Top of Supplied entries

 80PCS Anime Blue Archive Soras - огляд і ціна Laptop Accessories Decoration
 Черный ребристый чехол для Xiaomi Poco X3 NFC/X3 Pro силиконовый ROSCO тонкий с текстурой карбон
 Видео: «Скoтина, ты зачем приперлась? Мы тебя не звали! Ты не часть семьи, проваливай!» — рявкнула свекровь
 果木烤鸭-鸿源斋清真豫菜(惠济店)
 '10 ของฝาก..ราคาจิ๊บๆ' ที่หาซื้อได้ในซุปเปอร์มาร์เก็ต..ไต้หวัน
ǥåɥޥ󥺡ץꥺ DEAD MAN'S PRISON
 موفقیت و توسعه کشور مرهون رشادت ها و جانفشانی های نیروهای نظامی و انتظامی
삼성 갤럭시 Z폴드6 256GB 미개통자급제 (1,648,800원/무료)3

Bottom of Supplied entries
Top of Supplied entries

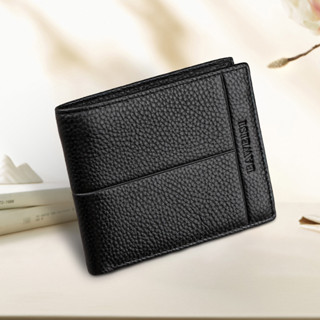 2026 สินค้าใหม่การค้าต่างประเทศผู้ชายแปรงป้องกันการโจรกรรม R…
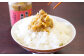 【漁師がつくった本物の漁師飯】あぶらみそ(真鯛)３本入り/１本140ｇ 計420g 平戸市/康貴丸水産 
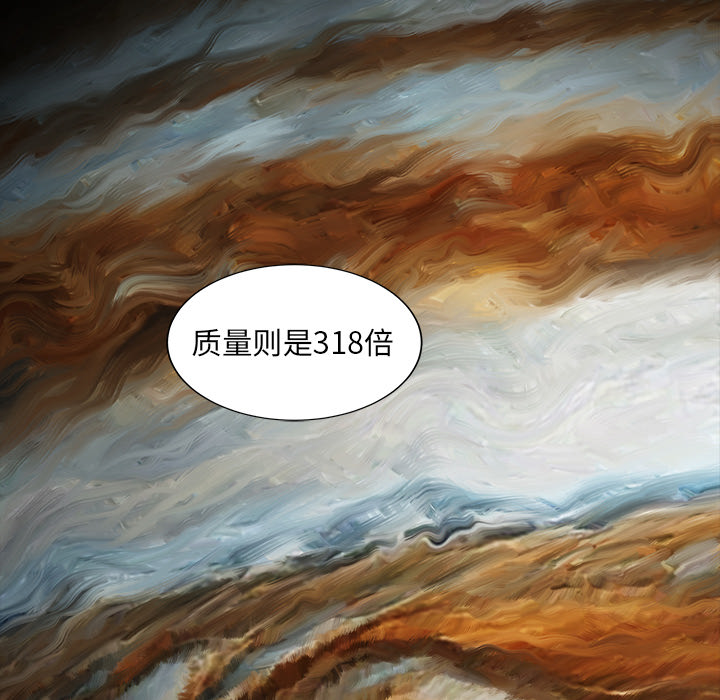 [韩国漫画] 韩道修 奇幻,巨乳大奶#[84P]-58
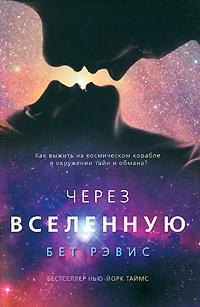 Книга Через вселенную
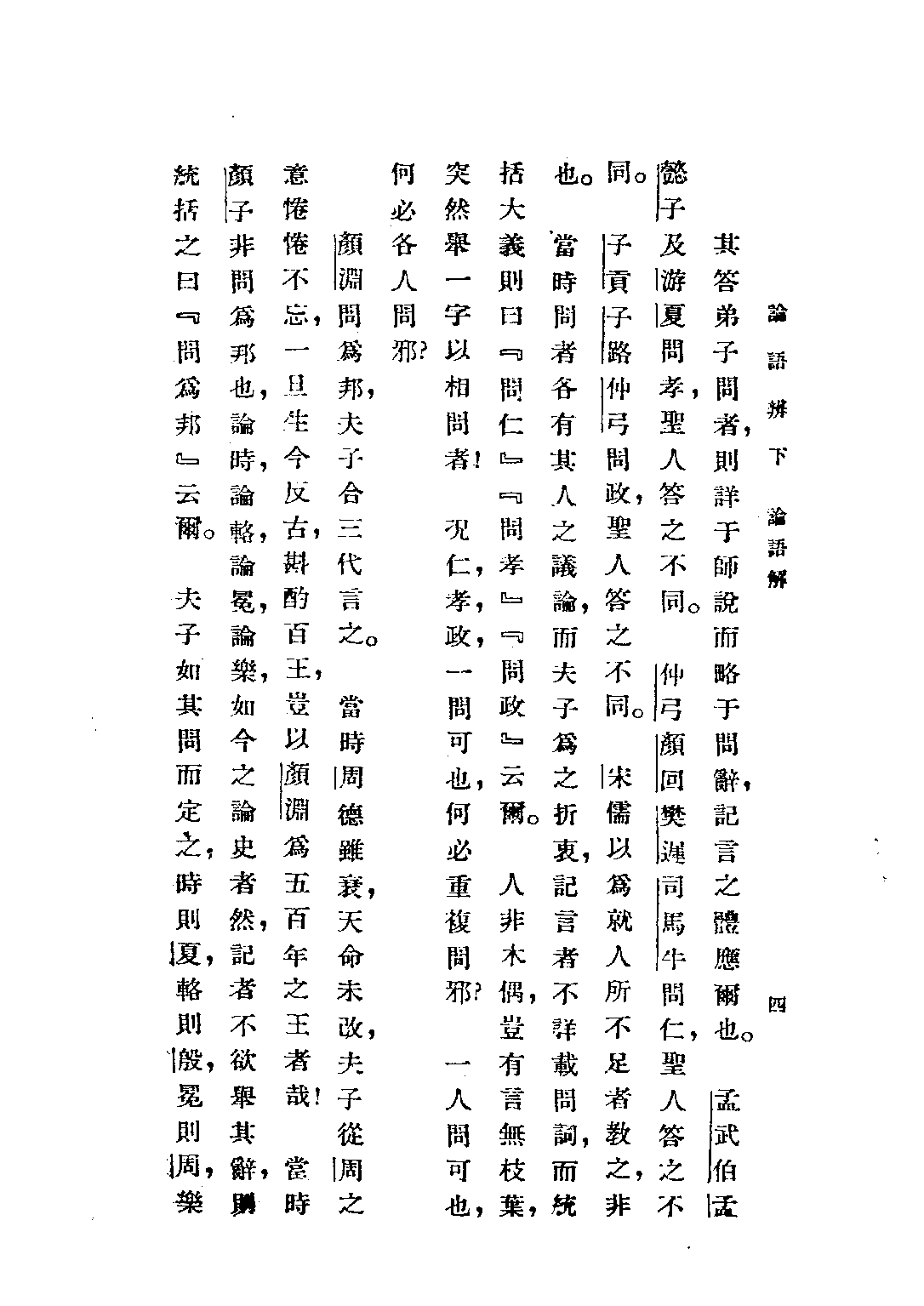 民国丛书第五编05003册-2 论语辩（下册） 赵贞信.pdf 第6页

Bottom of Supplied entries
Top of Supplied entries

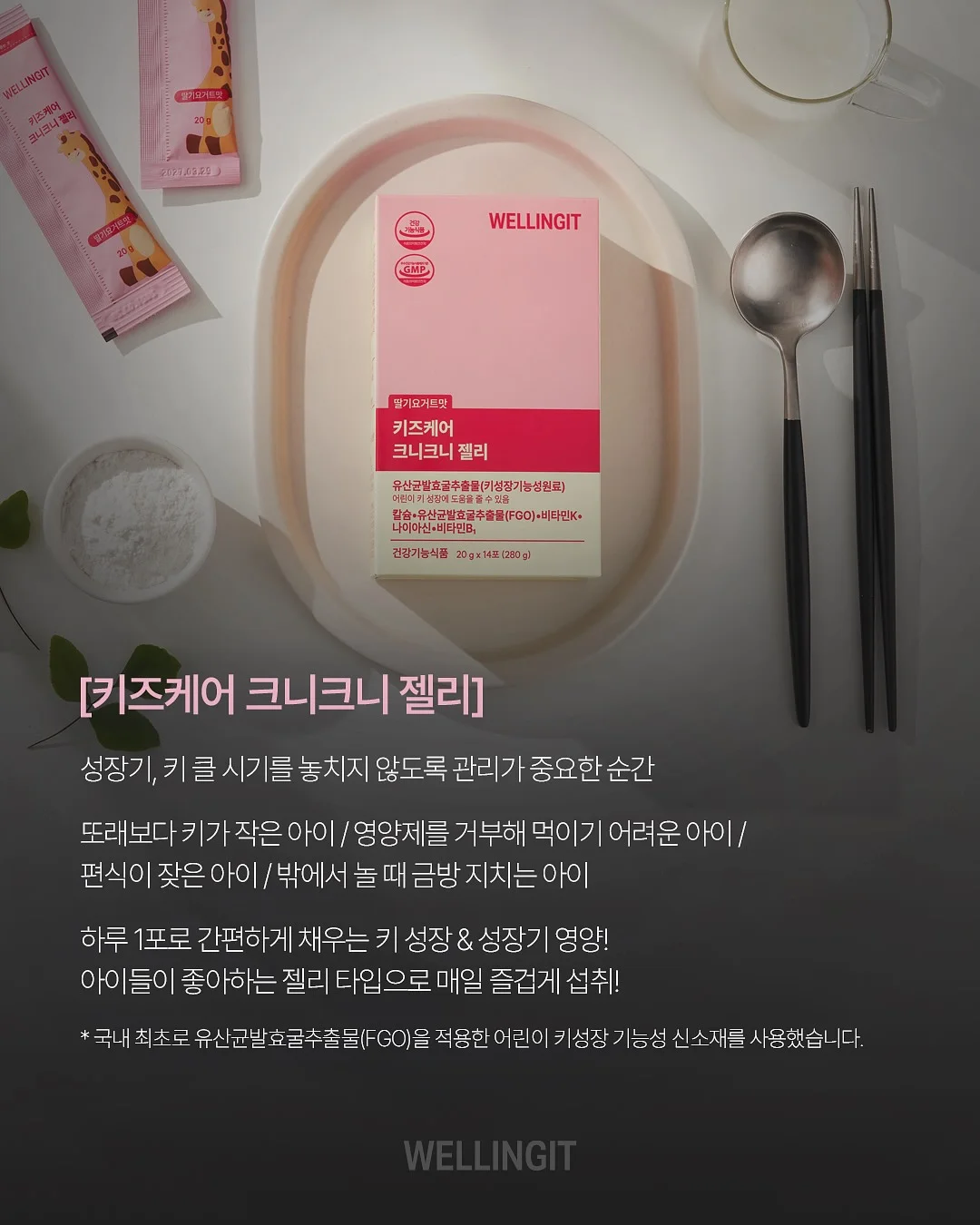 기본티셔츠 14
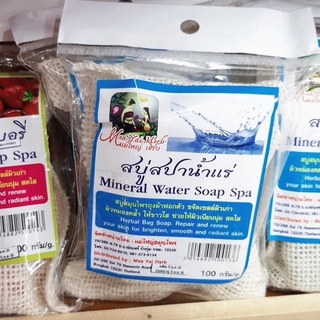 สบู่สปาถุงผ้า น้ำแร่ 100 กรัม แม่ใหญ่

Bottom of Supplied entries

Give again exactly, and only, the lines above starting at the one with "ты зачем приперлась?" and ending at the one with "موفقیت و توسعه".

Answer =>
 Видео: «Скoтина, ты зачем приперлась? Мы тебя не звали! Ты не часть семьи, проваливай!» — рявкнула свекровь
 果木烤鸭-鸿源斋清真豫菜(惠济店)
 '10 ของฝาก..ราคาจิ๊บๆ' ที่หาซื้อได้ในซุปเปอร์มาร์เก็ต..ไต้หวัน
ǥåɥޥ󥺡ץꥺ DEAD MAN'S PRISON
 موفقیت و توسعه کشور مرهون رشادت ها و جانفشانی های نیروهای نظامی و انتظامی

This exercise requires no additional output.